RECORDS PROVIDED —
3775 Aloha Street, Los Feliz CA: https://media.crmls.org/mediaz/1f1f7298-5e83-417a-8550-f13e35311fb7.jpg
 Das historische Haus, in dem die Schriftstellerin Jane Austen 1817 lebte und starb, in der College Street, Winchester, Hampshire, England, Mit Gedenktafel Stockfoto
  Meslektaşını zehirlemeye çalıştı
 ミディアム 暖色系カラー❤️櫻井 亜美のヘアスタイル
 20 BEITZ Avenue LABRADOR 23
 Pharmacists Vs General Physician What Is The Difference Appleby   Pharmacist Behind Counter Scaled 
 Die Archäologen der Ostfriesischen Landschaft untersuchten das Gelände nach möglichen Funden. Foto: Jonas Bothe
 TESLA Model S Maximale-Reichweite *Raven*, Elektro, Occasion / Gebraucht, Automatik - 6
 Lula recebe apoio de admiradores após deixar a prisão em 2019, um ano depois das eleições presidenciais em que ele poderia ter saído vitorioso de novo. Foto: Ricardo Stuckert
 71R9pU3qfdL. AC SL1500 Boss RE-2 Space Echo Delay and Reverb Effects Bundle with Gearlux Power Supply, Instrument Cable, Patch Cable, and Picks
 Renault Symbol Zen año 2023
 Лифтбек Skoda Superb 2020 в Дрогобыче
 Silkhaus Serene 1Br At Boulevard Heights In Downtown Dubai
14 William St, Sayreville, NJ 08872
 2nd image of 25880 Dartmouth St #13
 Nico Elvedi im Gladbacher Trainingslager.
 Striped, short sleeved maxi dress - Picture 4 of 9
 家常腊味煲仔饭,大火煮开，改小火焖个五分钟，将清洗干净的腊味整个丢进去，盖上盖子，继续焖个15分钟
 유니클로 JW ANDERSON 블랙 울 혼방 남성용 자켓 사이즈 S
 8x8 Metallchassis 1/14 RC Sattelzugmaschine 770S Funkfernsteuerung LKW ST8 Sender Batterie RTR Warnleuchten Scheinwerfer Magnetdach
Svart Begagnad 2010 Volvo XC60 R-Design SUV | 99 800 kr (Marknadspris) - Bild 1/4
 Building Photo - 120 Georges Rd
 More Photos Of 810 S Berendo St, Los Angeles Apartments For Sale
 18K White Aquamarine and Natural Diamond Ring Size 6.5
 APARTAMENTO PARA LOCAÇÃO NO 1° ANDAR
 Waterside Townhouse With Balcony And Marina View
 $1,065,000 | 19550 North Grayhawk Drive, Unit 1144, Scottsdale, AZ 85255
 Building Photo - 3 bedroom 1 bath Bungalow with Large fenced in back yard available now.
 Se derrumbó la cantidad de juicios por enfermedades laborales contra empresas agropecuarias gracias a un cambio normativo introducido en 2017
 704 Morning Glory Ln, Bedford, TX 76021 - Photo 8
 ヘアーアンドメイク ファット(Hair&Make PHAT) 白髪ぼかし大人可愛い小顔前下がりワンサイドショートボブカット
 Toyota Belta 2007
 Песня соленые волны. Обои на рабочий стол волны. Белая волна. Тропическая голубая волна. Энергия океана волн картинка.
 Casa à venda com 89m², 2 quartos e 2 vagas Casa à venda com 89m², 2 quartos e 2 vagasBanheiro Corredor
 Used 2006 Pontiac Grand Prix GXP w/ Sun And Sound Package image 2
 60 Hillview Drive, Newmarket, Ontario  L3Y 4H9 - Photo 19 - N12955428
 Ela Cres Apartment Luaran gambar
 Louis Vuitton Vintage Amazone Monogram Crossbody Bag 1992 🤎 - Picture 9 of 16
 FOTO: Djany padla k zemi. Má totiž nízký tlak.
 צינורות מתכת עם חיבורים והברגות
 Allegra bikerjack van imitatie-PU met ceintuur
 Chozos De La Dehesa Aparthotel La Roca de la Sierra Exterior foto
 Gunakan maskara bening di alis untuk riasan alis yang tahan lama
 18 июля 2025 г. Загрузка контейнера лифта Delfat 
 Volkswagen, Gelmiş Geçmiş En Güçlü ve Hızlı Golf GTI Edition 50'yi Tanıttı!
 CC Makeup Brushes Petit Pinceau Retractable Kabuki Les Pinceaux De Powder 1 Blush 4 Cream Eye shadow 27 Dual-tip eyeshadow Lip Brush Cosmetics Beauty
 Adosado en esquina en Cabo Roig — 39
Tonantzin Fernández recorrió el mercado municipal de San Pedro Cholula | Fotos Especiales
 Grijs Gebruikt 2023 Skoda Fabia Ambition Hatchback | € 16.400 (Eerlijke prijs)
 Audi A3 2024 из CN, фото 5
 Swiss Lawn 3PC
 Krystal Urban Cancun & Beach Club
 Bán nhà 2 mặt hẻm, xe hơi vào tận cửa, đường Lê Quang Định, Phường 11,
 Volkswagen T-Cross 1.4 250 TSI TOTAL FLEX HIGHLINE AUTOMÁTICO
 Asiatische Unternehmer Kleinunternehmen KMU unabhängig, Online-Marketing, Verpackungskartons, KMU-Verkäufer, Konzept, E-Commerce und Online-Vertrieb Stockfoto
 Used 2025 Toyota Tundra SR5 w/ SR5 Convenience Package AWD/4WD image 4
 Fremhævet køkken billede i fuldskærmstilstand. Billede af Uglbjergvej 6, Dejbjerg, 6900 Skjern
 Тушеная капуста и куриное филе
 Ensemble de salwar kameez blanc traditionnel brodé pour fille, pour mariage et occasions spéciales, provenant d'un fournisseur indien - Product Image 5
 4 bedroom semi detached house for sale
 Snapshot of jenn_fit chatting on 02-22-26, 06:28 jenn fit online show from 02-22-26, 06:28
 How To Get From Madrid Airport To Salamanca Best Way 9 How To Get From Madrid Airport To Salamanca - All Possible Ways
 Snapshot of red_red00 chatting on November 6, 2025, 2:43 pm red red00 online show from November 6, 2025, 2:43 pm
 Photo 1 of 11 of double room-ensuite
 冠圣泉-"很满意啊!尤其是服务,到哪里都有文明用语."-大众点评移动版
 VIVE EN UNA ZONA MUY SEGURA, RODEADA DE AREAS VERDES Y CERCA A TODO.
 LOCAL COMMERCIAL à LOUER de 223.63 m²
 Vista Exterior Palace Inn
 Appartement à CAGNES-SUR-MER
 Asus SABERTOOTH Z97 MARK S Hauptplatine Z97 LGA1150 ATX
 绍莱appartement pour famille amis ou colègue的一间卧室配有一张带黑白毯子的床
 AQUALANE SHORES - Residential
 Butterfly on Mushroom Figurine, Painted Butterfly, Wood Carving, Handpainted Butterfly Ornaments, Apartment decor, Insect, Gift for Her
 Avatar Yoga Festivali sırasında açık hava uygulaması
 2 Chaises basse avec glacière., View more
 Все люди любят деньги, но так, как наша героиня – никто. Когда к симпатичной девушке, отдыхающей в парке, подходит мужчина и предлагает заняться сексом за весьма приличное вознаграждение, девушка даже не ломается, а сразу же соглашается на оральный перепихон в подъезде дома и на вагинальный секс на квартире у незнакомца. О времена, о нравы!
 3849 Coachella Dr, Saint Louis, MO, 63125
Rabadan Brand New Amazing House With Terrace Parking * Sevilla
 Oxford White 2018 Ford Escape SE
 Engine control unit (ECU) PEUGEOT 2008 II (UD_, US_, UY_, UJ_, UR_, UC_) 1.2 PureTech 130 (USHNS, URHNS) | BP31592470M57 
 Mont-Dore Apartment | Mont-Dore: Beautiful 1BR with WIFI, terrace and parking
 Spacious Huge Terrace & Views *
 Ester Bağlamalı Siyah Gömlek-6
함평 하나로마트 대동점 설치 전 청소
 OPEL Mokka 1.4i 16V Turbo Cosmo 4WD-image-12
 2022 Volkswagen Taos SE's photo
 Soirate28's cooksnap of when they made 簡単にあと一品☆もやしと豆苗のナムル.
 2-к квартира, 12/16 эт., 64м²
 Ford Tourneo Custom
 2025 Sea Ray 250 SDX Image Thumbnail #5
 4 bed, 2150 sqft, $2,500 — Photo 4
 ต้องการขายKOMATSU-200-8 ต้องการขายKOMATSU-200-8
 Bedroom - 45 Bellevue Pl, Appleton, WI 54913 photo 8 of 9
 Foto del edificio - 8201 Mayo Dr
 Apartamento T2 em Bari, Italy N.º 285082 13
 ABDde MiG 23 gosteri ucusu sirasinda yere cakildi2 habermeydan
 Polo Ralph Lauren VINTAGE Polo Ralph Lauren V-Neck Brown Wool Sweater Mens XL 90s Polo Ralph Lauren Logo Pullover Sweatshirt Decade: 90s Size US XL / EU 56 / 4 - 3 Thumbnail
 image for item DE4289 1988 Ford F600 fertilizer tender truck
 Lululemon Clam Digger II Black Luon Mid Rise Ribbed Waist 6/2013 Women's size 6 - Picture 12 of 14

TASK INSTRUCTIONS —
Please retype the listing word for word, from its first line through the line containing "8x8 Metallchassis 1/14", and add nothing else.

EXERCISE SOLUTION —
3775 Aloha Street, Los Feliz CA: https://media.crmls.org/mediaz/1f1f7298-5e83-417a-8550-f13e35311fb7.jpg
 Das historische Haus, in dem die Schriftstellerin Jane Austen 1817 lebte und starb, in der College Street, Winchester, Hampshire, England, Mit Gedenktafel Stockfoto
  Meslektaşını zehirlemeye çalıştı
 ミディアム 暖色系カラー❤️櫻井 亜美のヘアスタイル
 20 BEITZ Avenue LABRADOR 23
 Pharmacists Vs General Physician What Is The Difference Appleby   Pharmacist Behind Counter Scaled 
 Die Archäologen der Ostfriesischen Landschaft untersuchten das Gelände nach möglichen Funden. Foto: Jonas Bothe
 TESLA Model S Maximale-Reichweite *Raven*, Elektro, Occasion / Gebraucht, Automatik - 6
 Lula recebe apoio de admiradores após deixar a prisão em 2019, um ano depois das eleições presidenciais em que ele poderia ter saído vitorioso de novo. Foto: Ricardo Stuckert
 71R9pU3qfdL. AC SL1500 Boss RE-2 Space Echo Delay and Reverb Effects Bundle with Gearlux Power Supply, Instrument Cable, Patch Cable, and Picks
 Renault Symbol Zen año 2023
 Лифтбек Skoda Superb 2020 в Дрогобыче
 Silkhaus Serene 1Br At Boulevard Heights In Downtown Dubai
14 William St, Sayreville, NJ 08872
 2nd image of 25880 Dartmouth St #13
 Nico Elvedi im Gladbacher Trainingslager.
 Striped, short sleeved maxi dress - Picture 4 of 9
 家常腊味煲仔饭,大火煮开，改小火焖个五分钟，将清洗干净的腊味整个丢进去，盖上盖子，继续焖个15分钟
 유니클로 JW ANDERSON 블랙 울 혼방 남성용 자켓 사이즈 S
 8x8 Metallchassis 1/14 RC Sattelzugmaschine 770S Funkfernsteuerung LKW ST8 Sender Batterie RTR Warnleuchten Scheinwerfer Magnetdach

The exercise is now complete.